• Description of the task:
Print the listing below again, exactly. Skip the pictures.

(Supplied material)

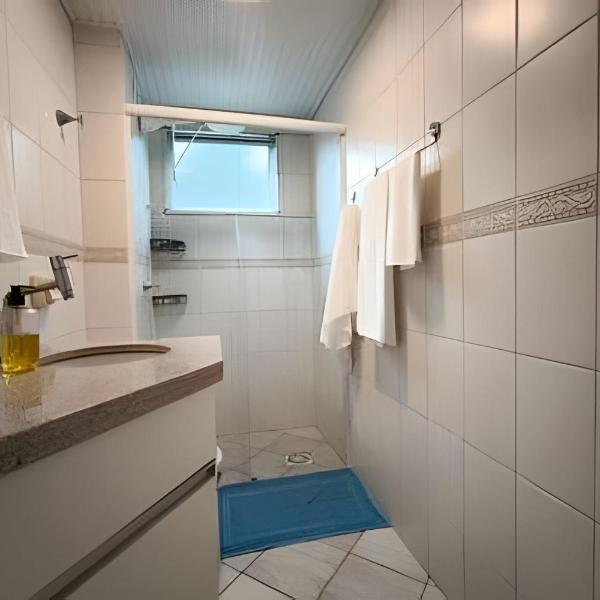 Apartamento 700m da praia, com kit praia, estacionamento e ar condicionado - Foto 3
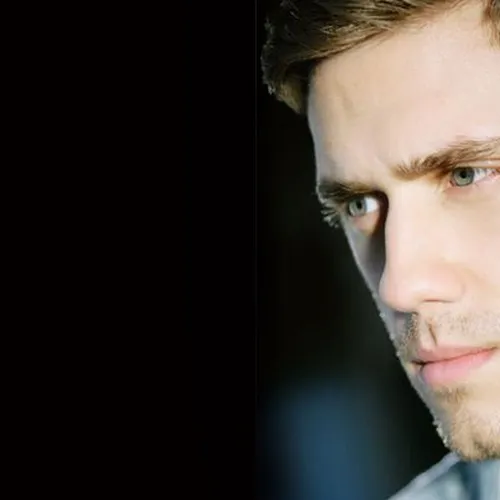 Aaron Tveit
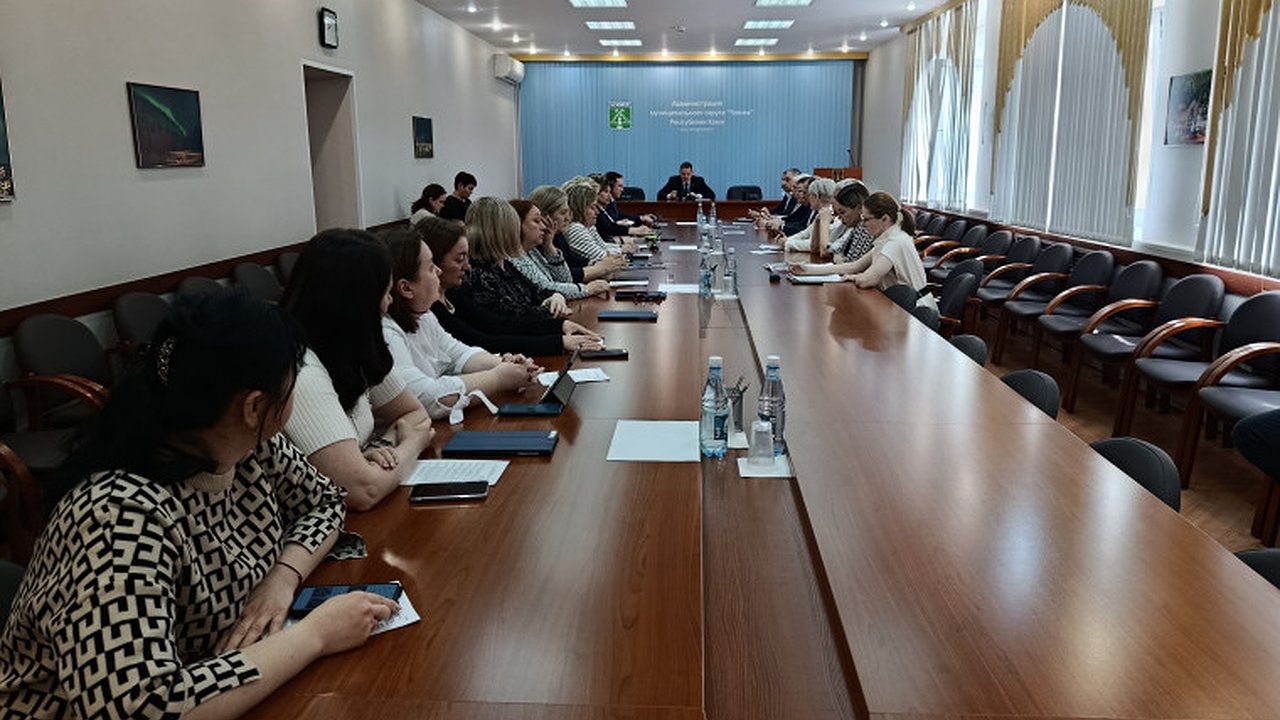 Главная картинка новости: В Усинске появятся отдел молодежной политики и новые правила контроля в различных сферах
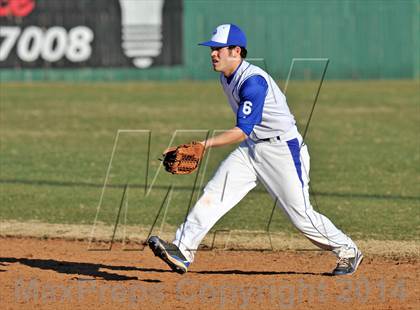 Thumbnail 1 in Nolan Catholic vs Faith Christian (Texas Private School Classic) photogallery.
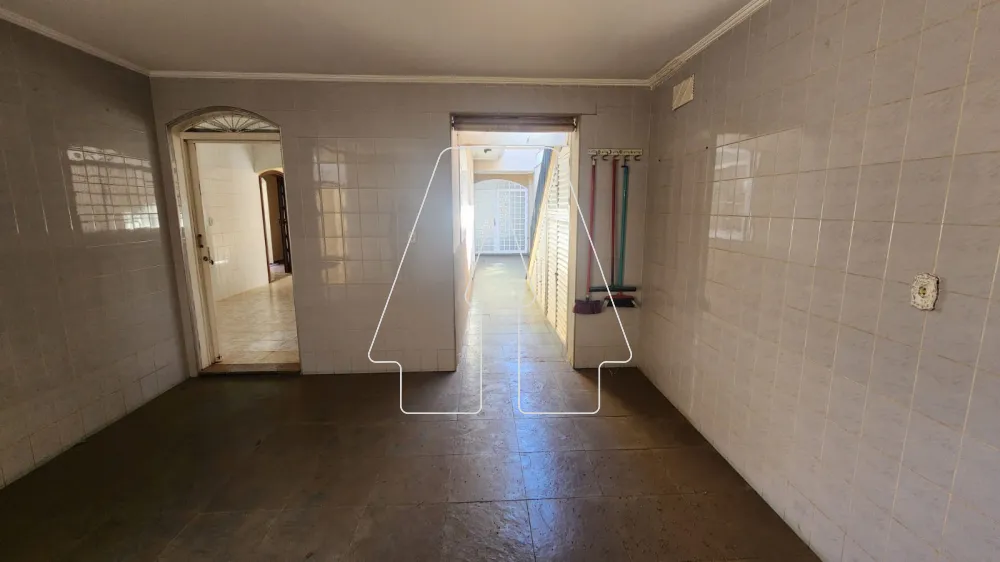 Comprar Casa / Residencial em Ara&ccedil;atuba R$ 420.000,00 - Foto 17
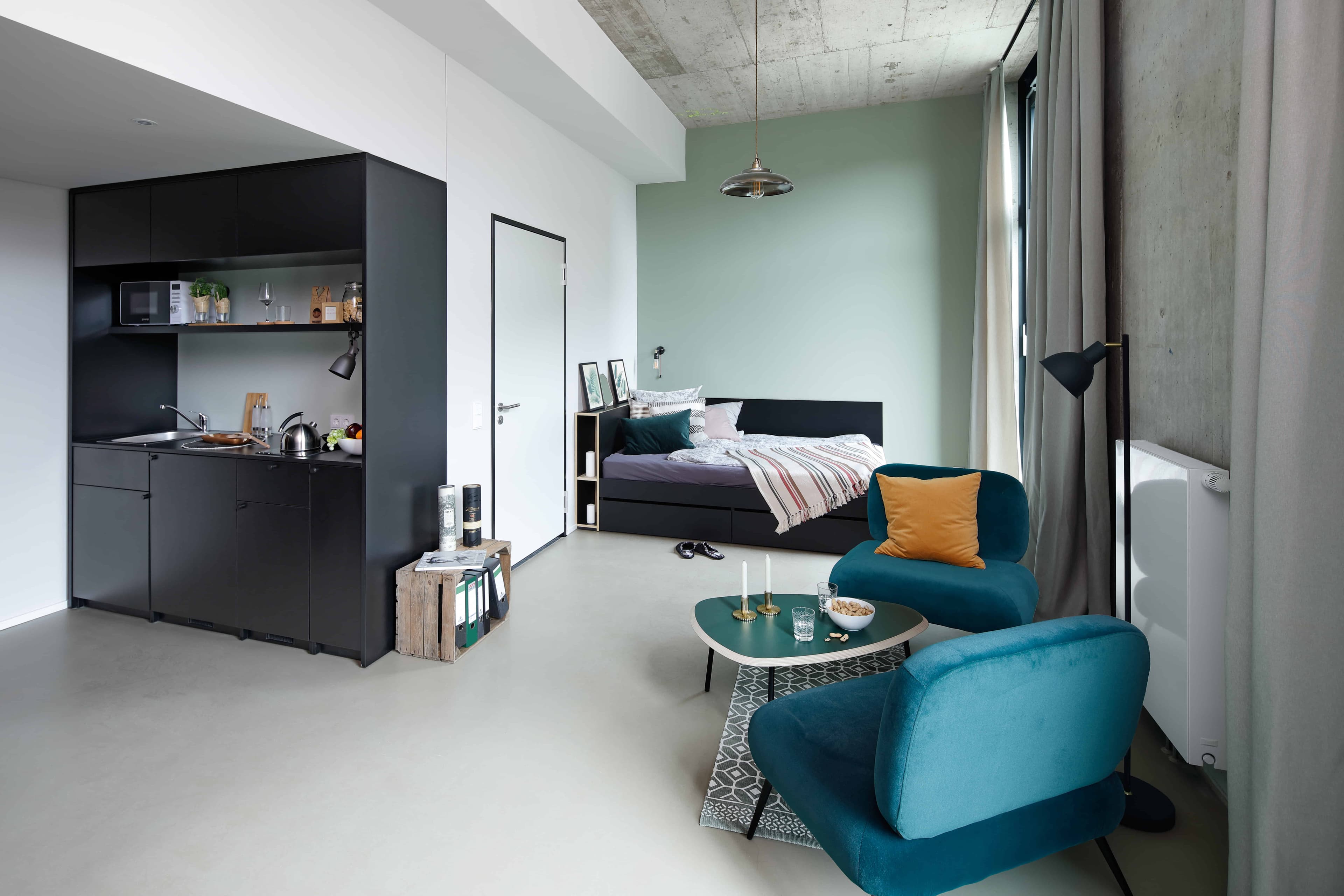 Studio - (Deluxe Patio)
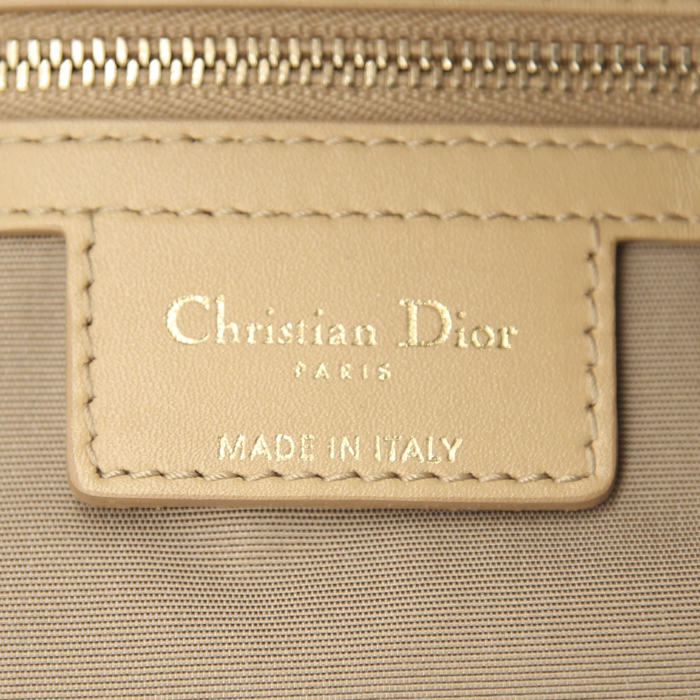 Dior Panarea shopping bag in beige canvas cannage and beige leather - Detail D3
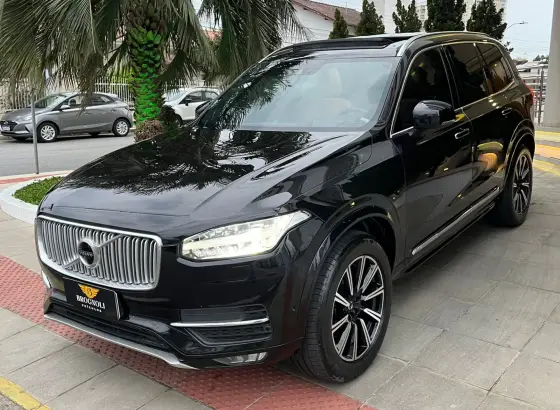 VOLVO XC90 2.0 FIRST EDITION TURBO GASOLINA 4P 4X4 AUTOMÁTICO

(End Supplied material)

• Worked solution:
 Apartamento 700m da praia, com kit praia, estacionamento e ar condicionado - Foto 3
 Aaron Tveit
 Главная картинка новости: В Усинске появятся отдел молодежной политики и новые правила контроля в различных сферах
 Thumbnail 1 in Nolan Catholic vs Faith Christian (Texas Private School Classic) photogallery.
 Comprar Casa / Residencial em Ara&ccedil;atuba R$ 420.000,00 - Foto 17
 Studio - (Deluxe Patio)
 Dior Panarea shopping bag in beige canvas cannage and beige leather - Detail D3
 VOLVO XC90 2.0 FIRST EDITION TURBO GASOLINA 4P 4X4 AUTOMÁTICO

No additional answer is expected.